‘That’s to let us communicate directly with the local doctors, police, coastguards, chopper stations and lifeboat when she’s in range. When not, the coastguards pass on her messages. Having this in Cas. saves staff and time at night. The night porter deals with normal calls on the switchboard, but the local doctors use this number from eight p.m. to seven a.m.’ She ran through the system for transferring calls to Mr Black’s, the housemens’ and her own offices. ‘This one here, the Medical Superintendent’s home up the road.
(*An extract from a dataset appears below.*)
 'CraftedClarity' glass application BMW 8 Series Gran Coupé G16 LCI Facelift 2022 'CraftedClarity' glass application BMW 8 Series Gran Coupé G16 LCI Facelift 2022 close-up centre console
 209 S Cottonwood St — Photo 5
This, is Mr Fraser’s house. You’ll not need it tonight as Mr Moray’s out and will look in here before returning home for the night. Any wee problems, contact me, or ask Mrs Ferguson. She’ll be down for the night as soon as she’s helped settle Haralda. Here we go again!’ A blue bulb was flashing on and off, heralding an in-coming call. She pressed two switches. ‘Casualty Department, Thessa General. Night Superintendent speaking. Can I help you?’
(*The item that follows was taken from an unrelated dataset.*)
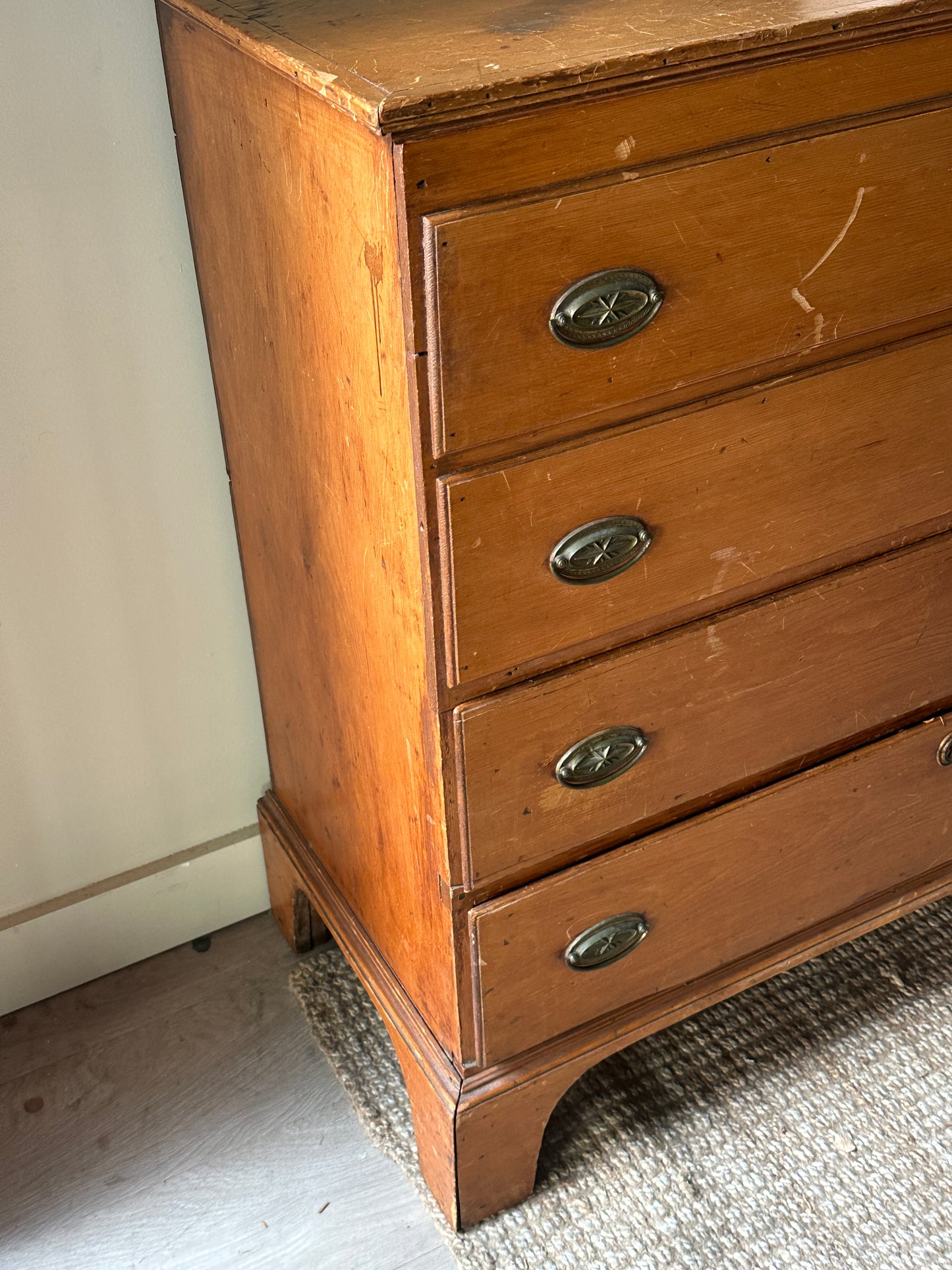 Mule chest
‘Good evening to you, Sister!’ The caller was a local doctor. ‘I’ve a laddie of fourteen who I think’ll be an acute appendix before the night’s out and should come in now. Is Mr Black available?’
‘I’ll put you through to him, Doctor.’
Mrs Ferguson was the wife of Harriet Ryan’s coxswain. She was small and round, and had trained in the North of England just after the last war, and spent the rest of her life on Thessa, her home island. She worked as a part-time staff nurse, mainly in Haralda. ‘Except when I work a Saturday night when it is usually here. Always the same,’ she added placidly, after the blue bulb had flashed nearly non-stop for a couple of hours, ‘when a wee few foreign ships are in. Seafaring men far from home are apt to take a dram too many, and then try and settle old, or imaginary scores. But the boys’ve not done themselves too much damage tonight.’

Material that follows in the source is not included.